Weicht der Mensch aus, gesteht er dem Pferd die ranghöhere Position zu. Damit ist nicht gemeint, dass sie vor einem durchgehenden Pferd stehenbleiben sollen, sondern das sie im täglichen Umgang darauf achten, dass das Pferd ausweicht und nicht sie.

Draußen bleiben

Der erste Schritt ist also, dem Pferd klar zu machen, welchen Abstand Sie für sich beanspruchen und wo das Pferd laufen soll.

Am einfachsten ist es, das Pferd auf dem ersten Hufschlag laufen zu lassen. Treiben Sie das Pferd vorwärts und versuchen Sie es dazu zu bringen, draußen zu bleiben. Kommt das Pferd auf Sie zu, machen Sie sich groß, deuten mit ausgestrecktem Arm nach außen und gehen ihrerseits auf das Pferd zu.

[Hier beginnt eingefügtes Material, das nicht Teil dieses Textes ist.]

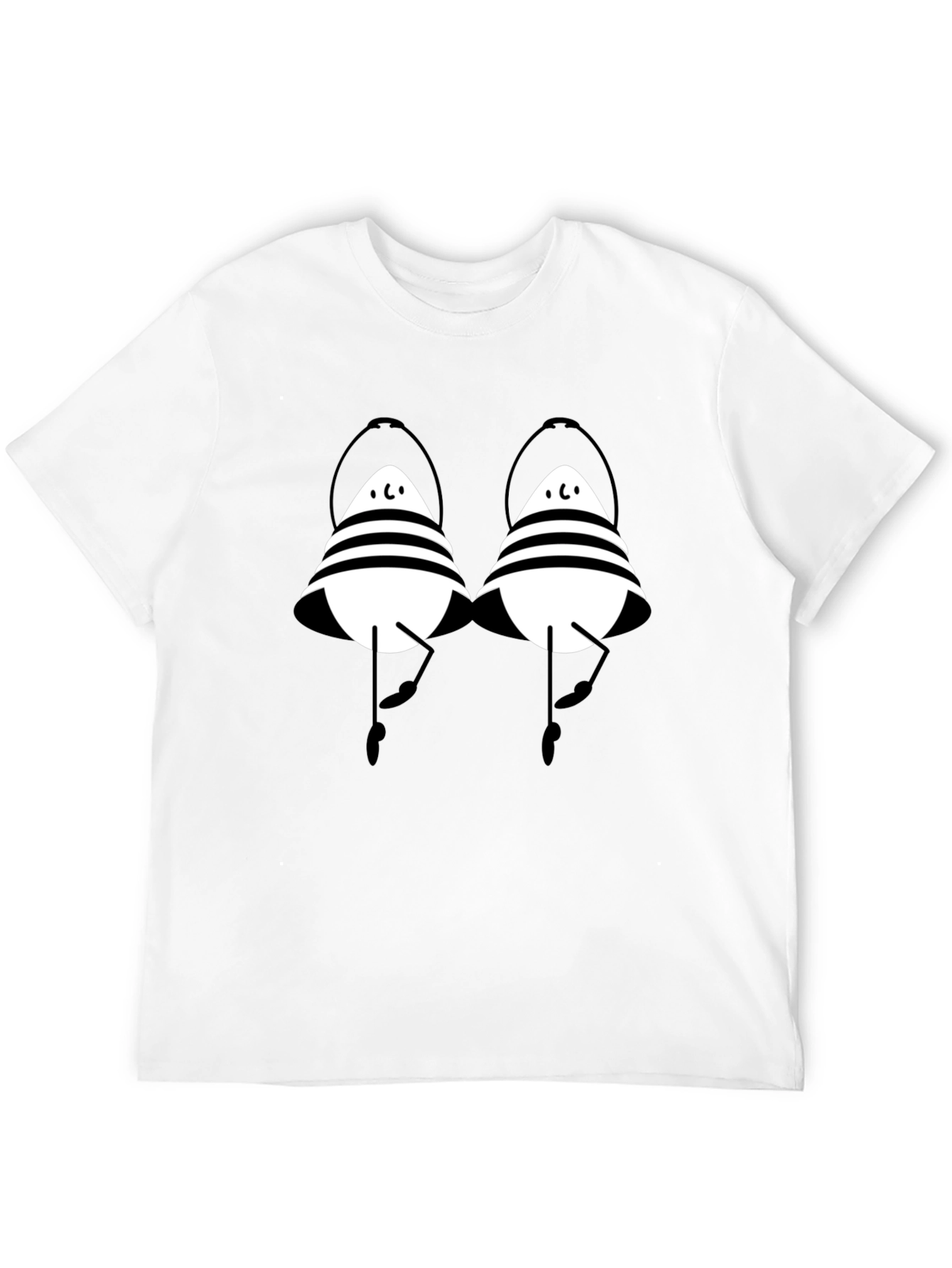 Striped Cartoon Character Black T-Shirt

Heben Sie dabei den Kopf, nehmen Sie die Schultern zurück und schauen Sie das Pferd direkt an. Weicht das Pferd nicht, schubsen Sie es weg.

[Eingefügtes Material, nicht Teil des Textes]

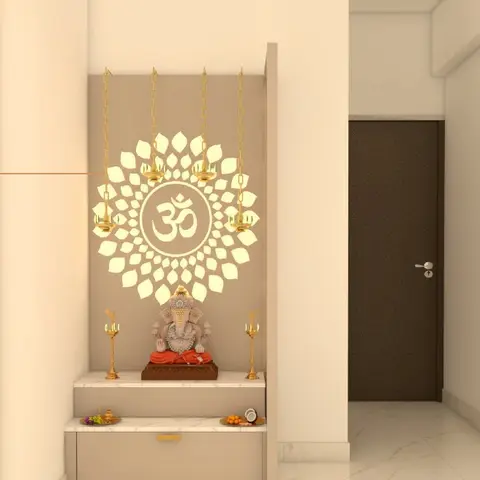 Render of a pooja unit with a backlit Om mandala wall panel and a marble-top console housing a Ganesh idol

Irgendwann wird das Pferd um Sie herum laufen. Ziel ist es nun, den Kreis auf den Hufschlag zu verlegen. Dazu müssen Sie am Anfang wahrscheinlich mitlaufen und das Pferd mit Ihrer Präsenz immer wieder nach Außen schicken. Wie groß der Kreis ist, den Sie mitlaufen müssen hängt davon ab, ab wann Ihr Pferd anfängt zu weichen.

Versuchen Sie die Kreise die Sie laufen immer kleiner werden zu lassen. Kommt das Pferd nach innen, vergrößern Sie Ihren Kreis wieder.

Abstand vergrößern

Reagiert Ihr Pferd nicht auf ihre Körpersprache alleine, können Sie auch Hilfsmittel verwenden. Am einfachsten ist eine einfache Longierpeitsche, mit der Sie auf die Schulter des Pferdes zeigen können, um es auf Abstand zu halten. Bei sehr büffeligen Pferden können Sie einen kleinen Schaumgummiball an der Spitze der Peitsche anbringen und damit das Pferd immer wieder anstupsen.

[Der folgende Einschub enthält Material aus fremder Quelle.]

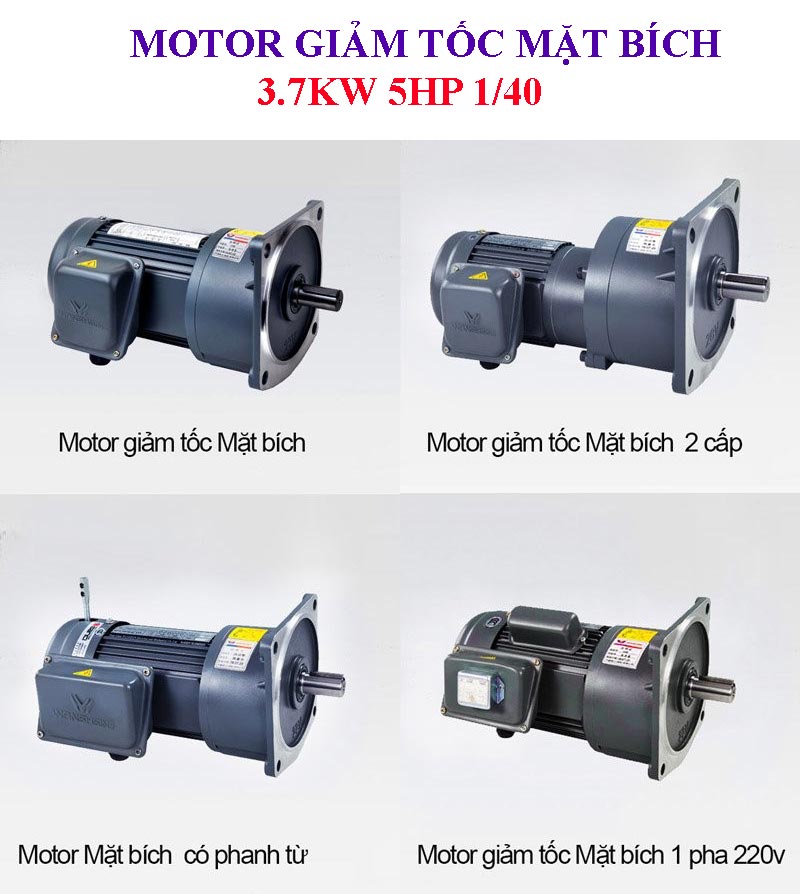 Motor giảm tốc mặt bích 3.7Kw 5Hp 1/40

Der Schritt zurück wäre dann ein einfache Gerte oder ein Führstrick, mit dessen Ende sie nach dem Pferd werfen, wenn es zu nahe kommt. Sie werfen natürlich nicht mit dem Haken, sondern mit dem anderen Ende.

Übrigens: Je schneller das Pferd ist, desto einfacher bleibt es draußen. Bei sturen Kandidaten kann es helfen erstmal im Trab und Galopp zu üben und erst zum Schluß im Schritt.

Abstand verkleinern

Schwieriger als das Wegschicken, ist das Heranholen eines Pferdes. Die Körpersprache hierfür ist Kopfsenken, Schultern rund machen und über die Kopfseite des Pferdes wegdrehen. Damit sagen Sie dem Pferd: Ich vertraue dir und muss dich nicht mehr im Auge behalten. So laden Sie Ihr Pferd ein heranzukommen.

Aus diesem Prinzip entwickelt sich später auch die Entfernungssteuerung. Je größer Sie sich machen und je ausladender die Gesten sind mit denen Sie ihre Kommandos geben, desto mehr Abstand wird das Pferd halten. Soll das Pferd näher kommen, machen Sie sich kleiner und arbeiten mit kleinen, feinen Signalen.

Zirkel vergrößern und verkleinern ist eine sehr schwere Aufgabe in der freien Bodenarbeit. Einfacher ist es, das Pferd zu sich zu rufen und stehen zu lassen.